Le Bureau d'études de politique du travail et de politique sociale (BASS), qui a réalisé cette enquête diffusée dimanche sur mandat de l'ASLOCA, s'est posé la question de savoir quelle aurait été l'évolution des loyers si l'on avait pris en compte uniquement les facteurs de coûts pertinents selon le droit du bail.
Selon ces facteurs - évolution des taux hypothécaires, inflation et coûts d’entretien - une baisse des niveaux des loyers de 10,3% aurait dû être constatée entre 2006 et 2021. Or les loyers ont au contraire augmenté de 36,1%.
Cette évolution mène à une redistribution entre locataires et bailleurs d’un total de 78 milliards de francs durant cette période, soit presque 5 milliards par an, constate le BASS.
Phénomène en hausse
Et l'ampleur du phénomène ne cesse de croître. Rien que pour l’année 2021, le montant estimé payé en trop par les locataires atteint 10,4 milliards pour tout le pays. Cela signifie qu'un ménage locataire a payé en moyenne 370 francs par mois en trop, ou 26% de son loyer.
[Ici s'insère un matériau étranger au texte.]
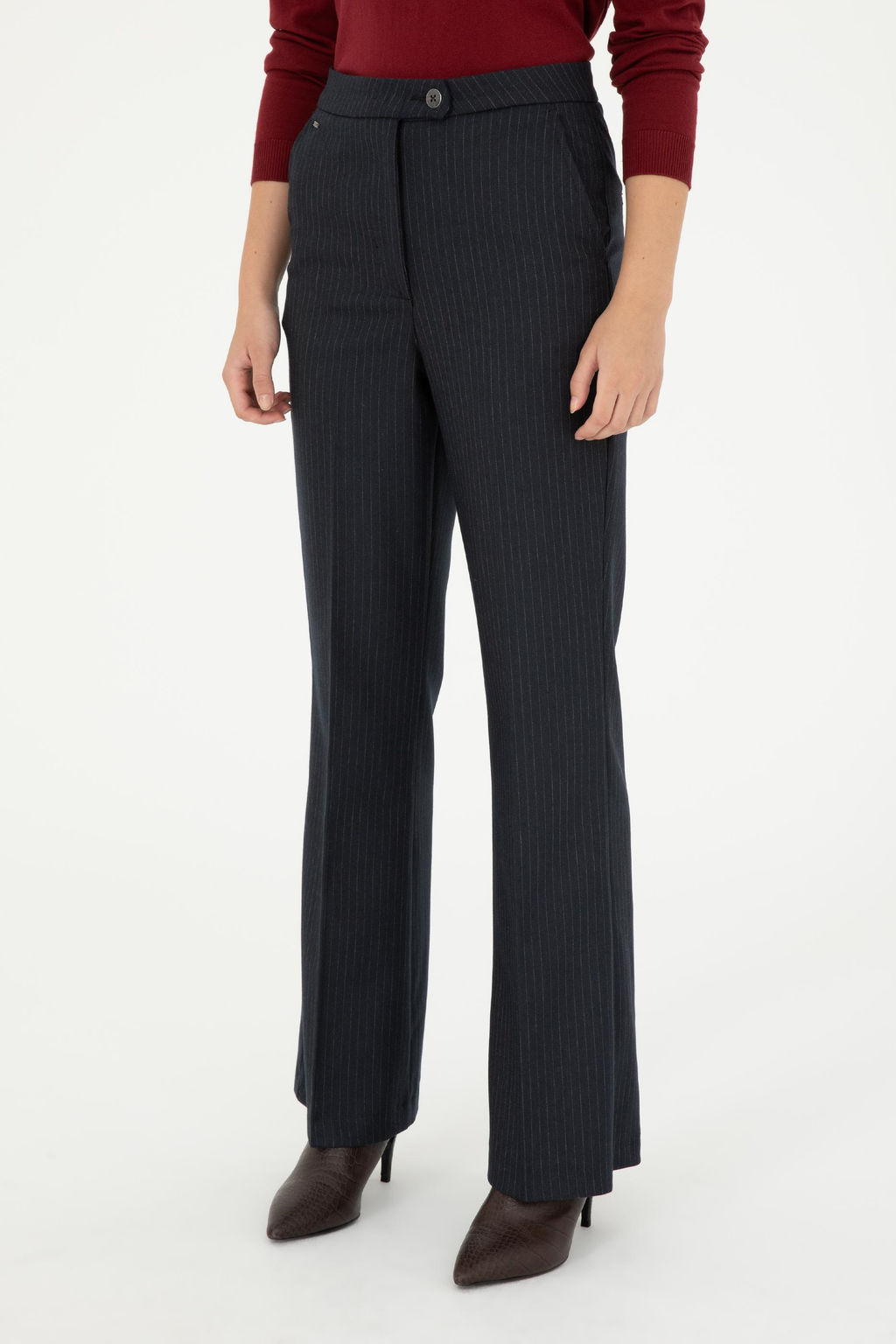 Kad_n Lacivert _izgili Slim Flare Fit Kanvas Pantolon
Le président de l’Association suisse des locataires (ASLOCA) Carlo Sommaruga voit la raison de cette augmentation massive des loyers dans la politique des bailleurs d'augmenter la facture à chaque changement de locataire.
"Il est montré que les bailleurs ajustent souvent le loyer vers le haut en cas de changement de locataire, même lorsque les coûts baissent", dit-il. "Durant les dernières années, la baisse du taux hypothécaire de référence n’a été répercutée partiellement que dans une relation de bail sur six", ajoute-t-il.
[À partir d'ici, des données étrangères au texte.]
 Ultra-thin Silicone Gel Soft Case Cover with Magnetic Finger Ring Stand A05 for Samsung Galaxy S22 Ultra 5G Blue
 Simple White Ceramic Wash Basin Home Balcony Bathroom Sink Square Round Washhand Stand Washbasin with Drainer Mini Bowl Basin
"Cela a permis aux bailleurs d'obtenir des rendements bien au-dessus de ce qui est défini dans le droit du bail."
Il est impératif de contrôler les loyers
Pour Carlo Sommaruga, "la situation est grave. Le ministre de l’économie et du logement Guy Parmelin, le Conseil fédéral et le Parlement doivent agir".
Concrètement, l'ASLOCA demande "urgemment" un contrôle effectif des loyers. Une proposition correspondante a été déposée en même temps au Conseil national et au Conseil des Etats en juin 2021 par Jacqueline Badran, membre du comité de l’ASLOCA, et Carlo Sommaruga. Elle est pendante.
Cette proposition devrait assurer qu’à l’avenir les loyers abusifs par des rendements trop élevés soient évités. "Pour les bailleurs qui louent trois logements ou plus, une révision périodique obligatoire devrait être introduite, afin de contrôler les rendements effectifs", explique Carlo Sommaruga.
Le PS monte au front
"La loi qui devrait protéger les locataires contre les loyers trop élevés n'est manifestement pas appliquée", constate également la conseillère nationale (PS/ZH) et co-présidente du parti socialiste Mattea Meyer.
"Les responsables sont les hommes de main des groupes immobiliers dans la Berne fédérale: le conseiller fédéral UDC Guy Parmelin et la majorité de droite au Parlement", accuse-t-elle dans un communiqué.
Le PS demande notamment la mise en oeuvre des initiatives déposées au Parlement par les membres de l'ASLOCA, une table ronde de toutes les parties prenantes, ainsi qu'un système de contrôle plus efficace. Il entend déposer lui-même plusieurs interventions lors de la prochaine session de printemps.